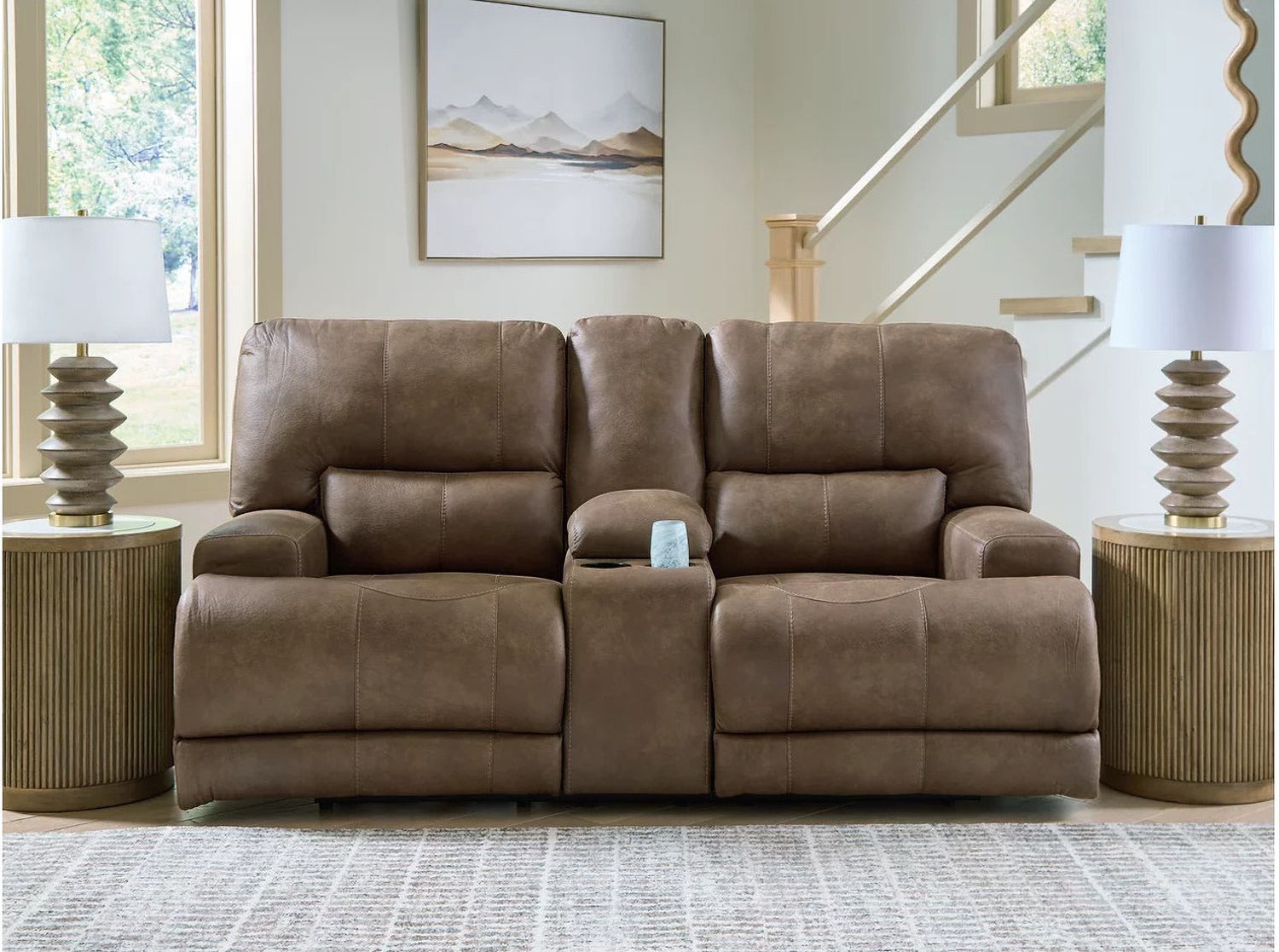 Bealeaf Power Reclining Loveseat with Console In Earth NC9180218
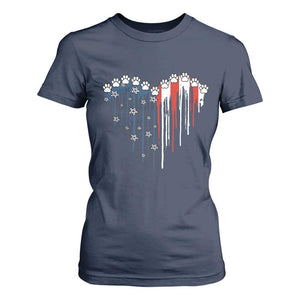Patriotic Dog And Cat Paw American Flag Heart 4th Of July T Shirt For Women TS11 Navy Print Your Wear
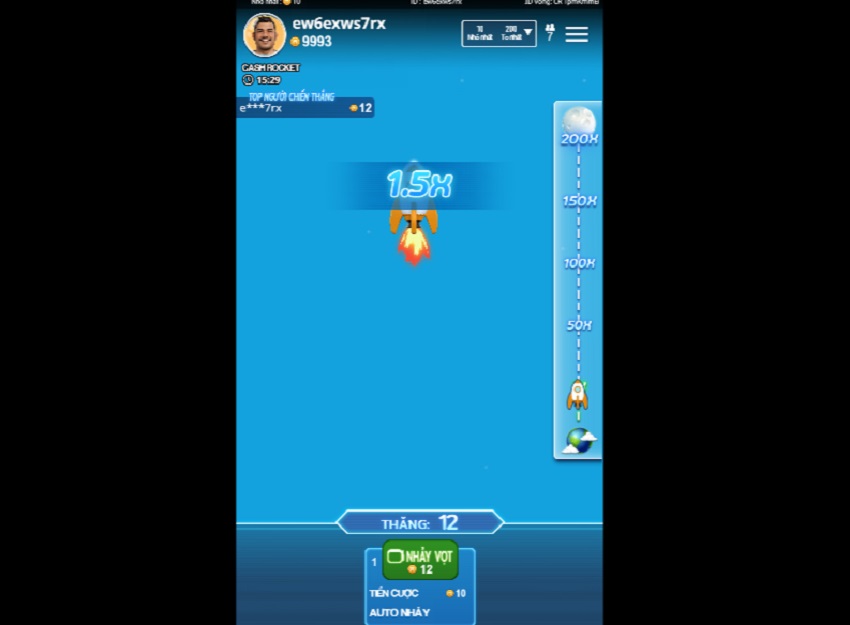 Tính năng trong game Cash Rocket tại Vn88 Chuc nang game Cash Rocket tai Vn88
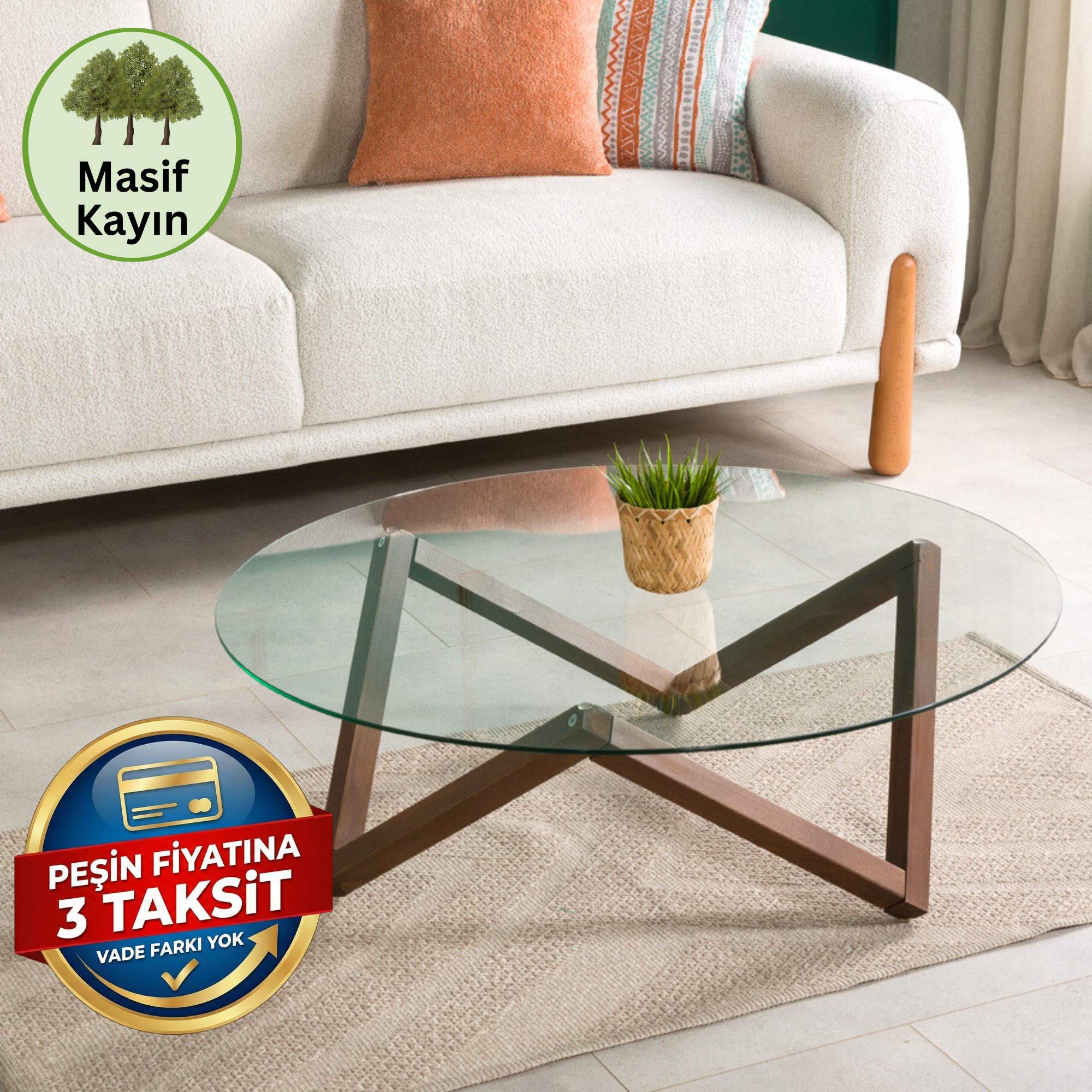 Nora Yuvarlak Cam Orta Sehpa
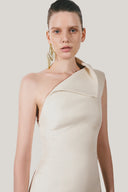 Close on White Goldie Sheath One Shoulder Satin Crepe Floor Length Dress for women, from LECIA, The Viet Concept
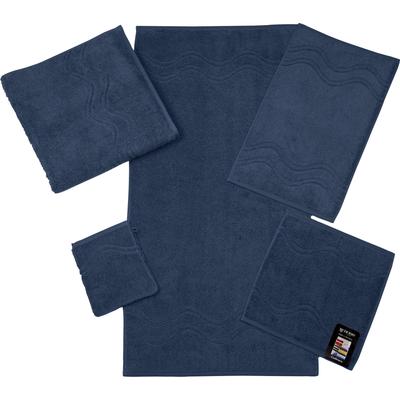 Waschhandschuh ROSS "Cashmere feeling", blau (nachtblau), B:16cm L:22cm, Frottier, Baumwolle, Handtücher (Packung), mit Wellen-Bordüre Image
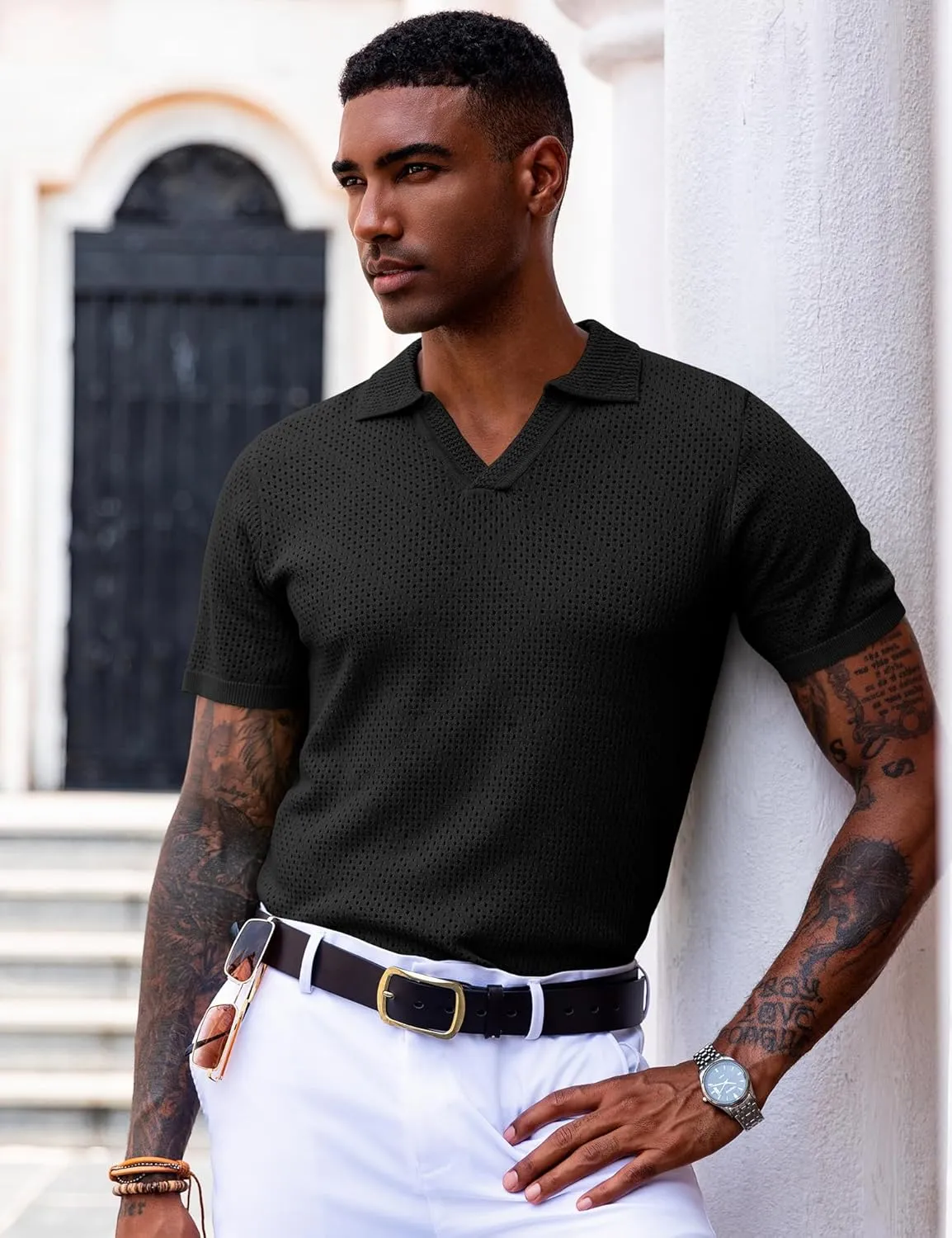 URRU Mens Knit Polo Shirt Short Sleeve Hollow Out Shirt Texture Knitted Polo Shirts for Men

...

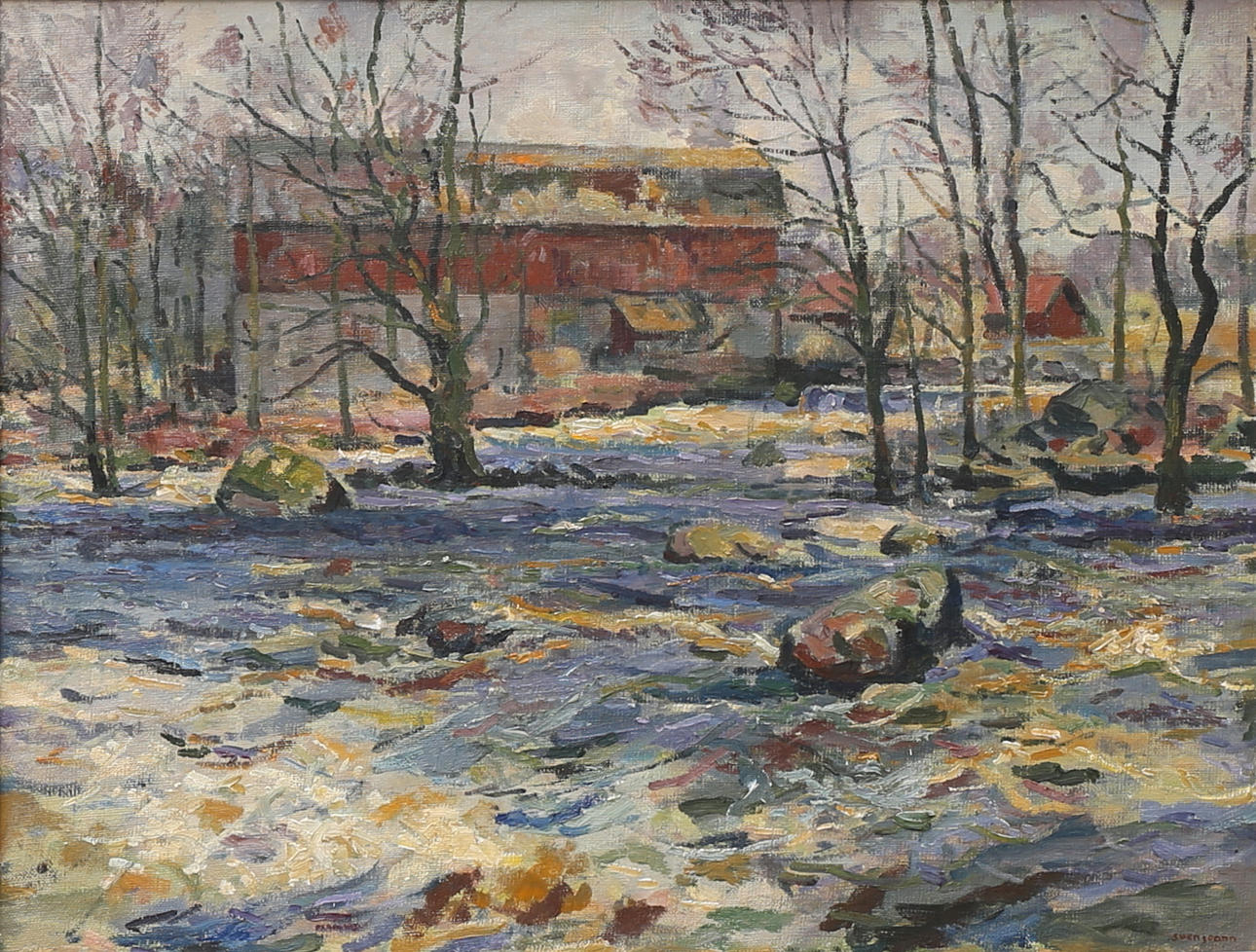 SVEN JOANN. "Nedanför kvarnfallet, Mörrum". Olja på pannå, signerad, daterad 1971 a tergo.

**Work to be completed**
Go back to the listing above and reproduce, exactly, the stretch from the line bearing "Close on White" through the line bearing "URRU Mens Knit", without its pictures.

**Output for this exercise**
 Close on White Goldie Sheath One Shoulder Satin Crepe Floor Length Dress for women, from LECIA, The Viet Concept
 Waschhandschuh ROSS "Cashmere feeling", blau (nachtblau), B:16cm L:22cm, Frottier, Baumwolle, Handtücher (Packung), mit Wellen-Bordüre Image
 URRU Mens Knit Polo Shirt Short Sleeve Hollow Out Shirt Texture Knitted Polo Shirts for Men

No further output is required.